_To do_
A stretch of the entries below is to be set down exactly, running from the line with "2021 Panini Prizm Tom Brady #294 card" through the line with "electronic drum pads", both included, and no other line.

• • • •

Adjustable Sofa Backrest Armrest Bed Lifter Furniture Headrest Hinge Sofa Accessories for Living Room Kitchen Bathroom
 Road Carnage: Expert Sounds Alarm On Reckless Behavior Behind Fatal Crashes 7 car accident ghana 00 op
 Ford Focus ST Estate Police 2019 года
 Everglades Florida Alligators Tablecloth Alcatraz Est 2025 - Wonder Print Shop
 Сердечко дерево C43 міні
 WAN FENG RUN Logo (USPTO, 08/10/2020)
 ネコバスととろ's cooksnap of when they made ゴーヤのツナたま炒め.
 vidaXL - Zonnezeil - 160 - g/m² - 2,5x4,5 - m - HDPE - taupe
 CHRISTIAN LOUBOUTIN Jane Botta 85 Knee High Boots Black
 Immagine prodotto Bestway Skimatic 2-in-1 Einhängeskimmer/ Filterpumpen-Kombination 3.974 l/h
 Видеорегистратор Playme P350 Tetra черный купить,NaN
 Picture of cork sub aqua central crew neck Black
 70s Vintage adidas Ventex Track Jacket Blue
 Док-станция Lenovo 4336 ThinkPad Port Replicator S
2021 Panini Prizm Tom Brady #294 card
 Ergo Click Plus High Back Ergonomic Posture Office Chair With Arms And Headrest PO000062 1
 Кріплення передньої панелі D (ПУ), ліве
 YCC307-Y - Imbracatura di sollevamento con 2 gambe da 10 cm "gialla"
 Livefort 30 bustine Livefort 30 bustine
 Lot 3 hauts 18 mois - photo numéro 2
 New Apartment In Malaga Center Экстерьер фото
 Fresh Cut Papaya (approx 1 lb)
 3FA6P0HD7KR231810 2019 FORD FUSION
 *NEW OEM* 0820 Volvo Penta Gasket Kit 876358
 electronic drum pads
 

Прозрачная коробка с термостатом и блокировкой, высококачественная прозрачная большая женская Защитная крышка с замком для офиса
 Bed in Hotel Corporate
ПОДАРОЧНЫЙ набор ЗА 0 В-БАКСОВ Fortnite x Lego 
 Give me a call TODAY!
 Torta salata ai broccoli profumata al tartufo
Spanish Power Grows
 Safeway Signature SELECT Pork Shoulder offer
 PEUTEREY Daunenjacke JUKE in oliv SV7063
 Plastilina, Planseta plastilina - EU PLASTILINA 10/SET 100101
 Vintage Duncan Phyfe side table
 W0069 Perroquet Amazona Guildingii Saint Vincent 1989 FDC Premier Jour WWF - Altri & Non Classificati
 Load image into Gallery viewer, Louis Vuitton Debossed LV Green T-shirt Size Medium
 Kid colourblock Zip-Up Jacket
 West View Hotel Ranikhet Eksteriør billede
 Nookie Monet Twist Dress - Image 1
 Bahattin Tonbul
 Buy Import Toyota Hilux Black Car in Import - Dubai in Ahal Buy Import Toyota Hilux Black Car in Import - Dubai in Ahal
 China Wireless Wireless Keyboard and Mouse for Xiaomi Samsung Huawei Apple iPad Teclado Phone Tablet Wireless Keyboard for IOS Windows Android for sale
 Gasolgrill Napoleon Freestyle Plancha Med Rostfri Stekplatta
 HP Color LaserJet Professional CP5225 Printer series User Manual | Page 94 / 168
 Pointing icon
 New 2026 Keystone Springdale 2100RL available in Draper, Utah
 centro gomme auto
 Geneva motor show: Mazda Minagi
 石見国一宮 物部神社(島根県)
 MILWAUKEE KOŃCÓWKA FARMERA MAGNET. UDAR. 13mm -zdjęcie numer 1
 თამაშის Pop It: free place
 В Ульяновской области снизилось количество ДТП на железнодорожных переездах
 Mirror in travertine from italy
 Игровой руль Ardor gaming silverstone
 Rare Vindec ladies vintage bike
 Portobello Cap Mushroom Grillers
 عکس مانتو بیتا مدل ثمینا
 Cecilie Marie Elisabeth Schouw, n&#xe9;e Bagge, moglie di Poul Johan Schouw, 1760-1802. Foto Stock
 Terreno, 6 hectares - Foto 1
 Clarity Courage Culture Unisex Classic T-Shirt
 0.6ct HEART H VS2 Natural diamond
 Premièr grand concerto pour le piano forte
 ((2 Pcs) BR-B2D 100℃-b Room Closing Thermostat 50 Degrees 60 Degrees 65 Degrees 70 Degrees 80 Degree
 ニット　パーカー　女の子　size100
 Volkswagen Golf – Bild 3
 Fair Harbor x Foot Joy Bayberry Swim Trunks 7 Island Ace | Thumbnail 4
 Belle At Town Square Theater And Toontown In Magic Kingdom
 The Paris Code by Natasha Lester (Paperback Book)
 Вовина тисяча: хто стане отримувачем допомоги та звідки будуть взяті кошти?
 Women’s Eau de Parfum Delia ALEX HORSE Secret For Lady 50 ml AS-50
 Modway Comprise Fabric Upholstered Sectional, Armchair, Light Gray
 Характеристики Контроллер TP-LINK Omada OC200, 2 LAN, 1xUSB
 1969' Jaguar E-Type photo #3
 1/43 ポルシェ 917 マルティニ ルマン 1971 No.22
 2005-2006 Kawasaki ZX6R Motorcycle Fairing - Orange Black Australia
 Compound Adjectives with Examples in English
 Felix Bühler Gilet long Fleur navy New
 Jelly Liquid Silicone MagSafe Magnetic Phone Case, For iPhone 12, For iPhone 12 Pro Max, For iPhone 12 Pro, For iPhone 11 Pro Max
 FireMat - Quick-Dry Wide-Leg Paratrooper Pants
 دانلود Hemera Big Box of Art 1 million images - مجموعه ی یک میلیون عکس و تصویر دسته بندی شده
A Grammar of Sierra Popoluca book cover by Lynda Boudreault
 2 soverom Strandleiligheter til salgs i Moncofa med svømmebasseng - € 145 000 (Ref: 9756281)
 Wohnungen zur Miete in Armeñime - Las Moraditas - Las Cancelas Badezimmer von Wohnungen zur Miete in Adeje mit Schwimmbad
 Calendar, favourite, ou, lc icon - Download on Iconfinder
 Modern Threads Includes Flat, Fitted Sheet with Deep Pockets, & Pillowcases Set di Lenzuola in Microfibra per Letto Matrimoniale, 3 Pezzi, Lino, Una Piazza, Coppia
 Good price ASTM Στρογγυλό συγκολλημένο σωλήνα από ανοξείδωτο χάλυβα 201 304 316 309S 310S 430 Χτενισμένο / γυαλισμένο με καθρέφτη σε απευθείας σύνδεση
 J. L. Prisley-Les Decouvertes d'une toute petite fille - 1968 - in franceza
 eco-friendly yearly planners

• • • •

_Exercise response_
2021 Panini Prizm Tom Brady #294 card
 Ergo Click Plus High Back Ergonomic Posture Office Chair With Arms And Headrest PO000062 1
 Кріплення передньої панелі D (ПУ), ліве
 YCC307-Y - Imbracatura di sollevamento con 2 gambe da 10 cm "gialla"
 Livefort 30 bustine Livefort 30 bustine
 Lot 3 hauts 18 mois - photo numéro 2
 New Apartment In Malaga Center Экстерьер фото
 Fresh Cut Papaya (approx 1 lb)
 3FA6P0HD7KR231810 2019 FORD FUSION
 *NEW OEM* 0820 Volvo Penta Gasket Kit 876358
 electronic drum pads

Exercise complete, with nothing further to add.